**What needs to be done**
Please copy the listing that follows exactly, leaving out any pictures.

**Supplied records**
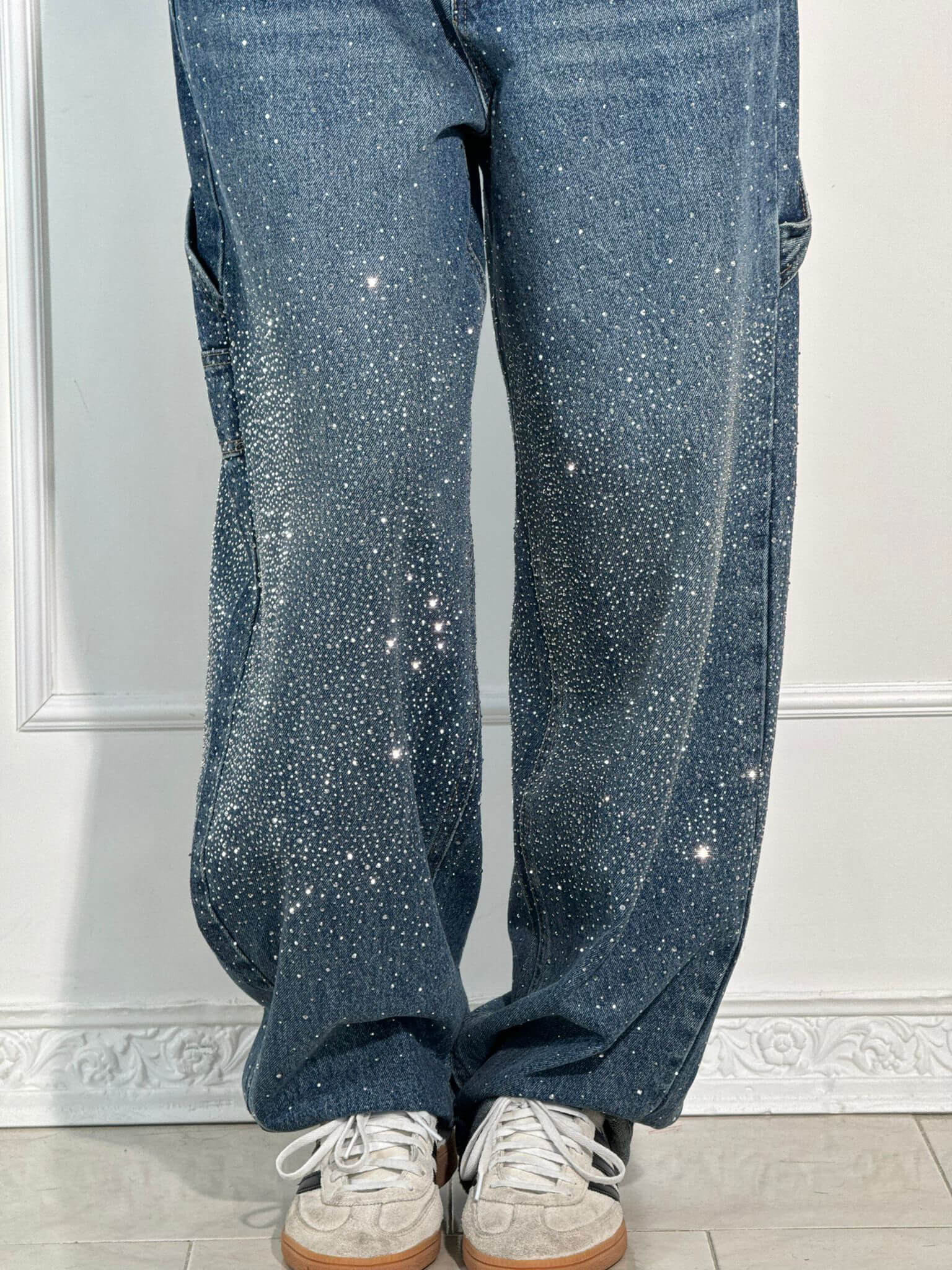 Oversized jeans met ballonpijp en glinsterende juweeltjes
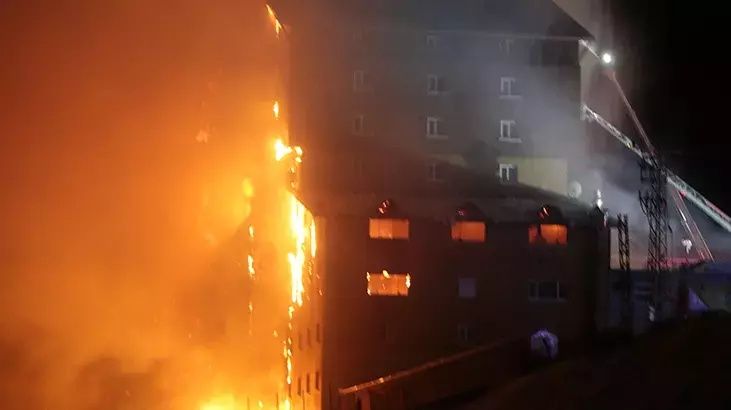 Bolu Kartalkaya Kayak Merkezi'nde otel yangını! Felaketin boyutu gün ağarınca ortaya çıktı... İşte bölgeden görüntüler... 8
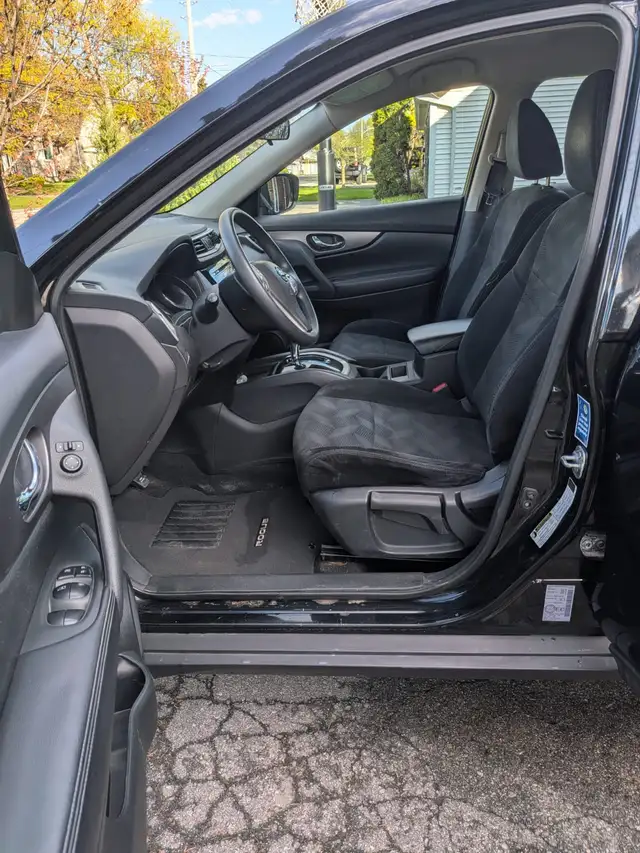 2016 Nissan Rogue in Cars & Trucks in Oakville / Halton Region - Image 8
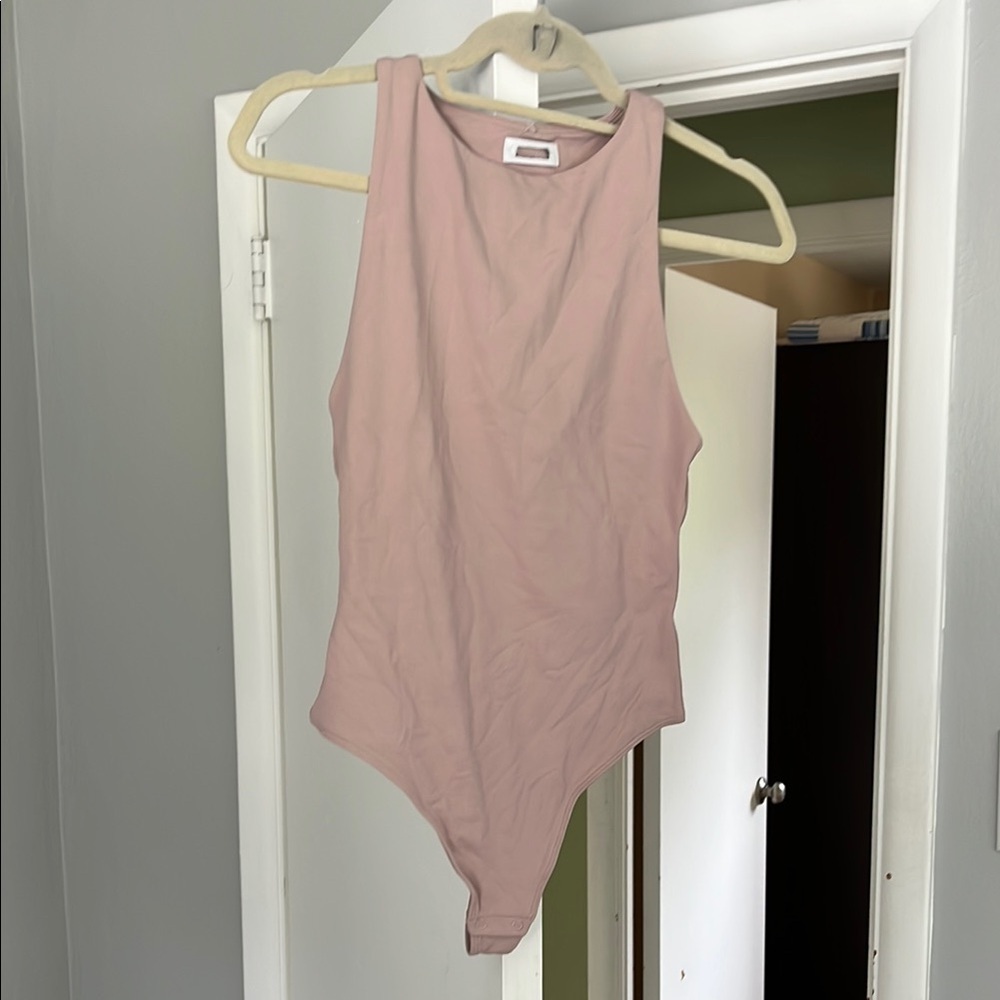 Aritzia Babaton Dusty Pink Sleeveless Bodysuit, NWOT
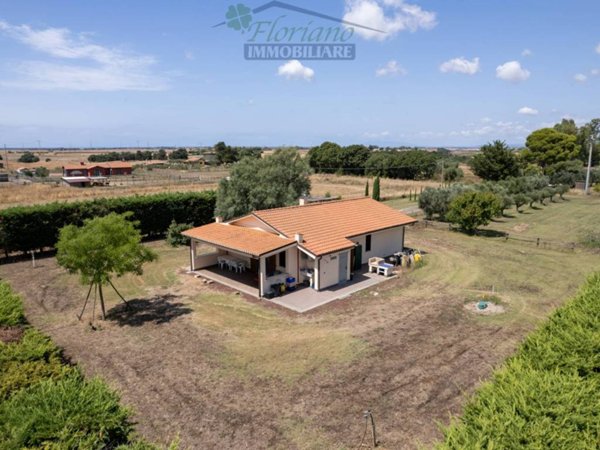 casa indipendente in vendita a Montalto di Castro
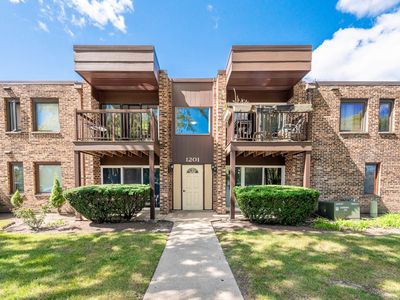 1201 Pleasant Run Dr APT 302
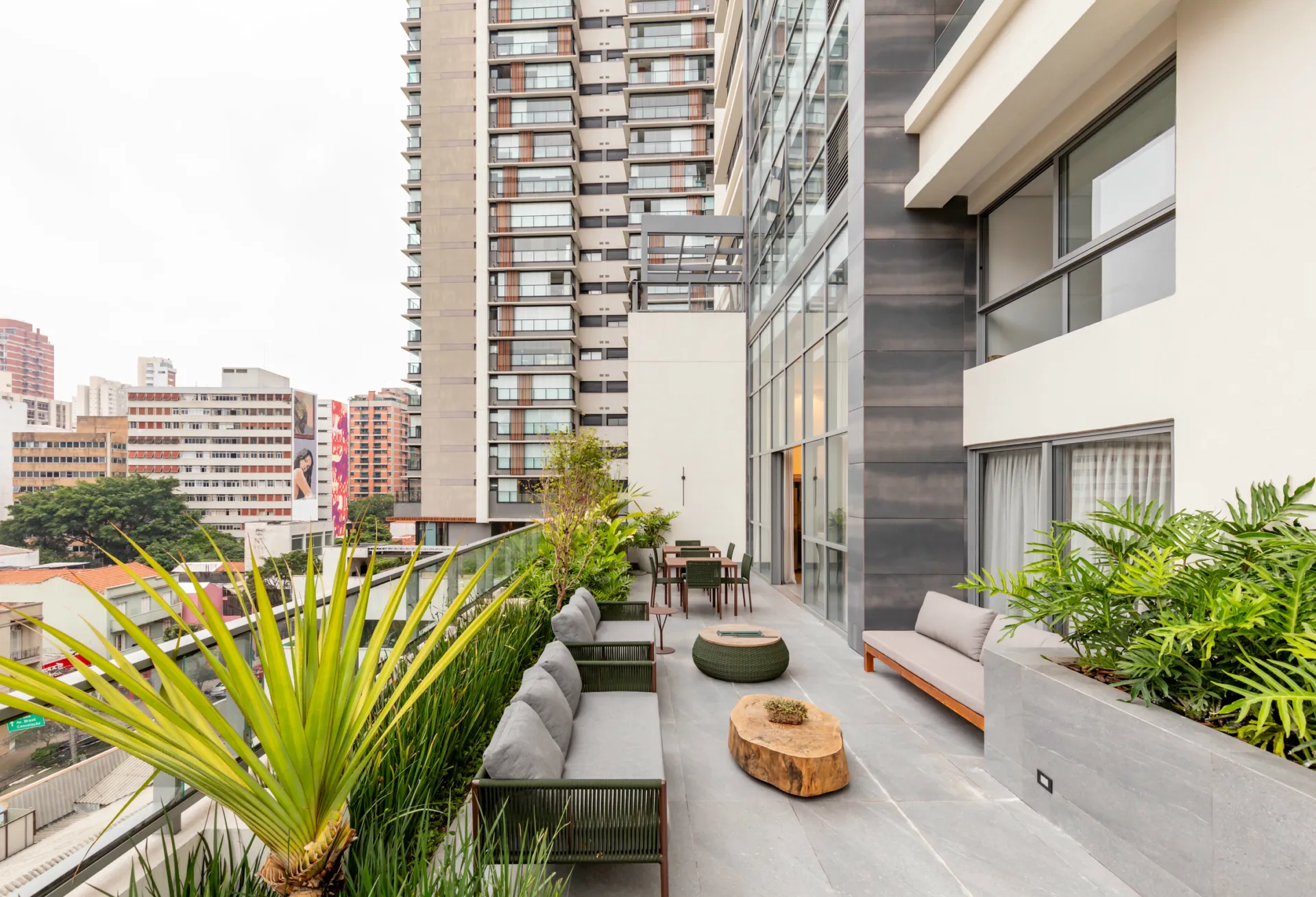 Lazer lounge externo do HUB Pinheiros – Comercial em Pinheiros, São Paulo
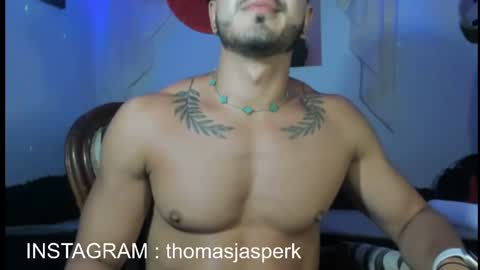 Snapshot of thomas_k7 chatting on March 23, 8:35 pm Thomas online show from March 23, 8:35 pm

**Reply**
 Oversized jeans met ballonpijp en glinsterende juweeltjes
 Bolu Kartalkaya Kayak Merkezi'nde otel yangını! Felaketin boyutu gün ağarınca ortaya çıktı... İşte bölgeden görüntüler... 8
 2016 Nissan Rogue in Cars & Trucks in Oakville / Halton Region - Image 8
 Aritzia Babaton Dusty Pink Sleeveless Bodysuit, NWOT
 casa indipendente in vendita a Montalto di Castro
 1201 Pleasant Run Dr APT 302
 Lazer lounge externo do HUB Pinheiros – Comercial em Pinheiros, São Paulo
 Snapshot of thomas_k7 chatting on March 23, 8:35 pm Thomas online show from March 23, 8:35 pm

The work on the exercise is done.